Ritorno in teatro Asti 2012

Vincenzo Nicolello

La musica progressiva continua ad avere un certo fascino dalle nostre parti e non stupisce, che “giovani” sessantenni, salgano in soffitta per recuperare i vecchi strumenti e ritornare in pista, magari dopo un trentennio di inattività.

Questo è un po’ quello che è accaduto alla Locanda delle Fate, band piemontese, che in piena esplosione prog, iniziò a produrre musica di alto livello, al pari di altri gruppi dell’epoca.  L’avventura si concretizzò con un Lp: Forse le lucciole non si amano più, che ottenne un buon successo. Disco che ancora oggi è un vero e proprio “cult” tra i fan del Prog Giapponese. Quando stanno per finire gli anni ’70, il genere va in crisi e così anche le Fate, decidono di percorrere altre strade, non necessariamente legate alla musica. Tutto rimane in naftalina fino al 2010, quando i ragazzacci si ridestano e tornano con un trionfale concerto in occasione di Asti Musica.

Da quel momento, riparte la storia della Band, che diventa protagonista in varie session live, prendendo parte anche a festival prog. L’appetito, vien mangiando, e così arriva anche il nuovo disco, il secondo  della loro storia: The missing fireflies.

 Proprio per presentare questo lavoro, composto da pezzi storici mai incisi e da un “bootleg” di ottima qualità, registrato in occasione di un concerto, la Locanda ha organizzato lo scorso 4 febbraio un live presso il teatro Alfieri di Asti.

La sala è gremita, con un pubblico eterogeneo, fatto di tanti storici fan e da nuove generazioni, che hanno scoperto la forza del gruppo. La location regala un valore aggiunto ad un’esibizione di ottima qualità.

Leonardo Sasso alla voce, Luciano Boero al basso, Max Brignolo alla chitarra, Oscar Mazzoglio e Maurizio Muha alle tastiere e Giorgio Gardino alla batteria, hanno dato fondo a tutte le loro energie e gli applausi si sono sprecati.

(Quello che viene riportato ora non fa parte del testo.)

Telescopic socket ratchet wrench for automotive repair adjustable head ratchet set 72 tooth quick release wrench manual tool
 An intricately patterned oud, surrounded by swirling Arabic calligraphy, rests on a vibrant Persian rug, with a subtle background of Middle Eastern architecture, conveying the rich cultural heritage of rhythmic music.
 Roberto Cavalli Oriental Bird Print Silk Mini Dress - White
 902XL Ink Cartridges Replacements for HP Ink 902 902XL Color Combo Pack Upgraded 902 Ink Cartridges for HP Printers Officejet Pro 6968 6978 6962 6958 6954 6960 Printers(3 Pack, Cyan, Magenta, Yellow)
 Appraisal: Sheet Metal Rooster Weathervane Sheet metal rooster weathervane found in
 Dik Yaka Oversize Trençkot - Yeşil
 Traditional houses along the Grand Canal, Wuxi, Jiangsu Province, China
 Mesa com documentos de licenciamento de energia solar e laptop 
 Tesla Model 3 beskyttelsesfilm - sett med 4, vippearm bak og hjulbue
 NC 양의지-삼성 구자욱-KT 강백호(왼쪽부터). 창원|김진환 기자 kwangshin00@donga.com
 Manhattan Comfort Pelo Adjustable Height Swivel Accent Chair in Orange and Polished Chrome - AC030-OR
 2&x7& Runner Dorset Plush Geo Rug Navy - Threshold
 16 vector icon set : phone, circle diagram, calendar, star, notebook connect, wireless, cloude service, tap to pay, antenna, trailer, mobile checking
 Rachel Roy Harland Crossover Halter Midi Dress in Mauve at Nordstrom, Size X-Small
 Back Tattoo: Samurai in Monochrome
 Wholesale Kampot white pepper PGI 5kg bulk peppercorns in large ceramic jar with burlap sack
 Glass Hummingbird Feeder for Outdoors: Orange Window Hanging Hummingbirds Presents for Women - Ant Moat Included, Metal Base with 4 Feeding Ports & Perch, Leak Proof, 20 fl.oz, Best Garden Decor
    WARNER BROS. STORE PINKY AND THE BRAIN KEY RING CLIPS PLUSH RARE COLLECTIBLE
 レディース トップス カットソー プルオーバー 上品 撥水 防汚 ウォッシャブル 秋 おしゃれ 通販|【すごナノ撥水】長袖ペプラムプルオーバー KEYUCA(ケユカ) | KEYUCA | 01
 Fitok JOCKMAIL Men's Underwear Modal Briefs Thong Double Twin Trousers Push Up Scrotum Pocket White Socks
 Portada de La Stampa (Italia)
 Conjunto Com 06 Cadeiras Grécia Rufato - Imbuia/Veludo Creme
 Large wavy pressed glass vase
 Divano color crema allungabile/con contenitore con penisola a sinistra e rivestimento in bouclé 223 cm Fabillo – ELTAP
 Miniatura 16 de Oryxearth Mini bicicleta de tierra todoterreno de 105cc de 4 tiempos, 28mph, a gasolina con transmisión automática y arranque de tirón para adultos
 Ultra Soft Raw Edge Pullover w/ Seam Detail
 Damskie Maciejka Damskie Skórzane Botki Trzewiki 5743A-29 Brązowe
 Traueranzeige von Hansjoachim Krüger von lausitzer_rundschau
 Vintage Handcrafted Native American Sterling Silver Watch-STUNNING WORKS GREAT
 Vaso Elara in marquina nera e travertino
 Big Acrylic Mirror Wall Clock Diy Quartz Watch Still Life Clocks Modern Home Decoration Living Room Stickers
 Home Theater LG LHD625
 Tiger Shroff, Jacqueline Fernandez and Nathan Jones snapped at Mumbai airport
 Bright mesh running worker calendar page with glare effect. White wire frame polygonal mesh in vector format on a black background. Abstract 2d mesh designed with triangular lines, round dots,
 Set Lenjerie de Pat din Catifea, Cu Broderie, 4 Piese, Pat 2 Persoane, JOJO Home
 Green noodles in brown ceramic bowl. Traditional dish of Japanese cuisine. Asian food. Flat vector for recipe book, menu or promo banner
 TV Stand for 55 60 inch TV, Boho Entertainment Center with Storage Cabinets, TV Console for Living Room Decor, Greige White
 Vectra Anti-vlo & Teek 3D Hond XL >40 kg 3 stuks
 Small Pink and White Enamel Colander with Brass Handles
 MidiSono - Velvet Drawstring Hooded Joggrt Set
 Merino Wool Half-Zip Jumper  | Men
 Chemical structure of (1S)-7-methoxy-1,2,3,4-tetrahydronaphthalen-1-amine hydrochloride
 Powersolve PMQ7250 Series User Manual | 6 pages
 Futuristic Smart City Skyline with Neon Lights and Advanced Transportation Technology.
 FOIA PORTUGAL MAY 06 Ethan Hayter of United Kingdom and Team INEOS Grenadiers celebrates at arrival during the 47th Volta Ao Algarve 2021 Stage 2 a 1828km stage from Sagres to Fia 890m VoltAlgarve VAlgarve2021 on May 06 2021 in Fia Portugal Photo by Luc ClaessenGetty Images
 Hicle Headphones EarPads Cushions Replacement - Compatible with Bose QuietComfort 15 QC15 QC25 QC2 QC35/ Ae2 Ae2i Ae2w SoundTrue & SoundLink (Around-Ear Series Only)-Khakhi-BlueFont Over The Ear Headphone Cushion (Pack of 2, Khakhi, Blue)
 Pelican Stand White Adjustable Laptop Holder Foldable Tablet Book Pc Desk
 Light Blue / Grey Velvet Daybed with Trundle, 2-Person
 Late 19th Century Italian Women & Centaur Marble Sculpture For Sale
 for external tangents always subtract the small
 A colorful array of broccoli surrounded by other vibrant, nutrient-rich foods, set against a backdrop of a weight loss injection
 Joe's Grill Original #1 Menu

La scaletta, dopo l’intro, “A volte un istante di quiete”, prosegue  con il loro singolo più celebre: “Forse le lucciole non si amano più”. Il suono è tosto e pieno, ottimo il mixaggio. Leonardo Sasso, dopo un po’ di rodaggio si scalda e l’esibizione entra nel vivo. Via via vengono snocciolati i brani, intervallati dalle parole di presentazione di quanto stanno proponendo. Ci vuole circa un’ora per arrivare a “Crescendo”, primo estratto del nuovo disco. Il pezzo è tosto. Sebbene abbia 30 anni, graffia e convince, così come piace tutta la setlist che segue.

Da segnalare Homo Homini Lupus, altra chicca della Locanda, il cui testo è scritto in latino. Sasso, con la sua grande presenza scenica, si presenta con una maschera da Lucifero, quasi a spiegare cosa vogliano dire le parole che sta interpretando.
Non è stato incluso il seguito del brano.